The next rehearsal was Friday, the day before the show. Surprise, surprise: Sun Ra opened more musical cans of worms. Songs he’d written hours before—or made up on the spot.
Don surely sensed our collective nervous anger, and his anxiety must’ve dwarfed ours. Ticket sales were beyond any previous concert (by show time, the hall would be sold out), and we had virtually no charts prepared. Diplomatically, Don suggested we work on tunes we’d tried before, and Sun Ra, without much fuss, agreed. But even when we summoned forth the riffs as we remembered them, something inevitably wasn’t to his liking. The closer we came to repeating what we’d learned in previous sessions, the faster Sun Ra switched what he was doing.
“Y’all seem so worried,” he said, “about playing the notes. But you can play more than just notes on a page, you know. You can play the wind or the river. You can play the sun rays.”
A cop-out, I thought. If anything goes, nothing needs perfecting.
But fine. He was the visionary.
And so when, with a toss of his hand, as if scattering birdseed, he signaled for the next song to start, I decided to play precisely nothing the way we’d learned it. I’d find a novel way to mutate every note: coming in a millisecond ahead of or behind the beat, tonguing hard or slurring through a half-valve. I’d like to say I did this out of open-minded virtue, but cussedness was closer to the truth. If he was hell-bent on undermining our book-learned perseverance, it seemed only fair to try to beat him at his game.
But, strangely, my mischief-making failed to wreck the music. Sun Ra was accompanying us, as usual, on piano, and for every note I sabotaged, he seemed to change his playing, widening the song’s sidelines so I always stayed in bounds. Could it be? I tried again—a purposely sharpened note—and Sun Ra’s fingers danced into a new configuration, his chord seemingly built on my suggestion. Back and forth we went in our loony musical leapfrog, till I was convoluted with amusement.
Sun Ra flashed a smile at me—not gloating but in gratitude—and now I saw this kind of sport was the goal. You’re right, it’s a game, I imagined him saying, but all of us are on the same team. I couldn’t say we sounded great, or that I fully “got” it; I still searched for handholds in the din. But now I was attuned to, not tuning out, his whimsies.
That is from Michael Lowenthal’s Face the Music: My Improbable Trip to Saturn (or Close Enough) with Sun Ra, a charming set of anecdotes about Sun Ra’s 1990 visit to Dartmouth College (it is a magazine-article-length Kindle Single published in 2016). His recollections are particularly poignant, and perhaps particularly insightful, because he gave up trumpet playing for writing not long after this encounter.

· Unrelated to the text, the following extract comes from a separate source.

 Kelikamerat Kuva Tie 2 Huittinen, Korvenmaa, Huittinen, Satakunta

- Nicole Mitchell, Mandorla Awakening II: Emerging Worlds. Fantastic work from Mitchell, whose wonderfully expressive, vocalized flute fronts a mostly string-based ensemble (cello, guitar, bass, drums). The bits with poetry mostly highlight that the poetry is not as good as the jazz, but it’s not too big of a distraction. There’s more in this recent profile of Mitchell.
- Jeremy Steig, Flute Fever. On this 1963 recording, Steig seems like he is setting out to prove that the flute is every bit as powerful and expressive a jazz instrument as the tenor sax, tackling a couple of Sonny Rollins tunes, Miles Davis’ “So What”, and some other jazz classics. He succeeds brilliantly.

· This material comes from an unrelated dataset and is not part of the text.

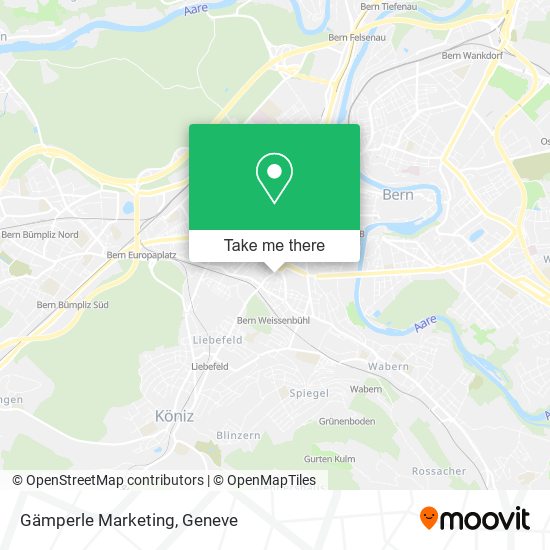 Gämperle Marketing map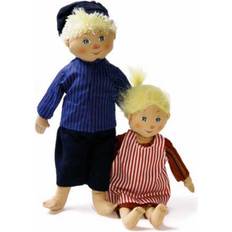 Hjelm Förlag Emil och Ida dockor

- Betty Harris, The Lost Queen of New Orleans Soul. A wonderful collection of singles from the Golden Age of New Orleans funk; Allen Touissant wrote many of the songs, and her backing band is the The Meters. Need I say more?

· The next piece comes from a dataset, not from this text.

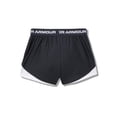 thumbnail image 3 of Shorts Under Armour Tech Play Up para niña negro y blanco XL, 3 of 3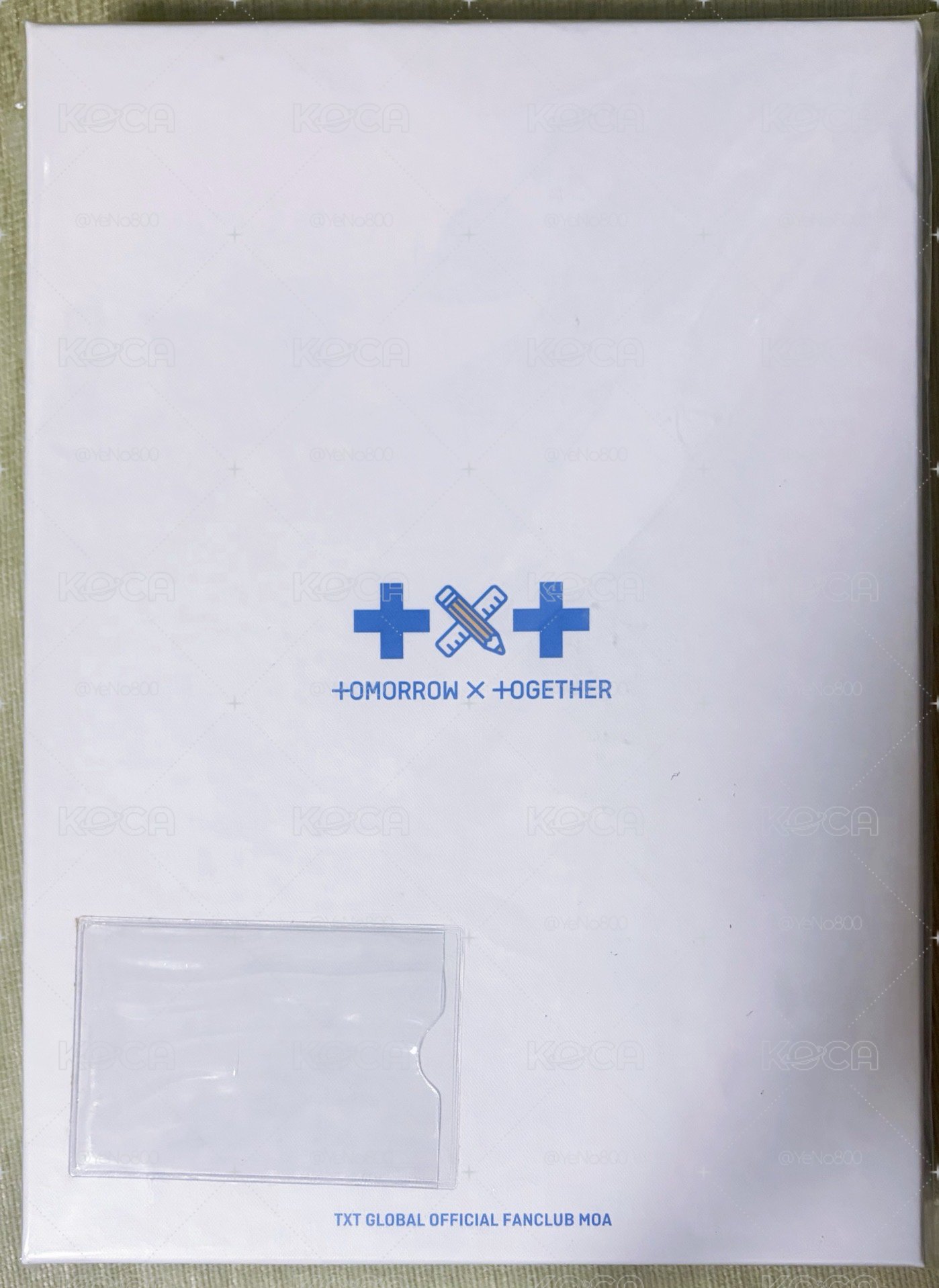 TXT 一期會員禮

- Yabby You, Beware Dub. The Pressure Sounds label continues their heroic work of preserving Jamaican masterpieces. This 1978 dub album is a classic, consistently excellent all the way through.
- Zhu Xiao-mei, Goldberg Variations. You can always go back to Bach. I am no specialist, but this recent recording sounds very good to my ears: wonderfully clear lines, and less melodramatic than Glenn Gould’s version.
And one recording that is not yet in rotation at my house, but certainly will be, is the new album from Ethiopian legend Hailu Mergia; Bandcamp has an interview.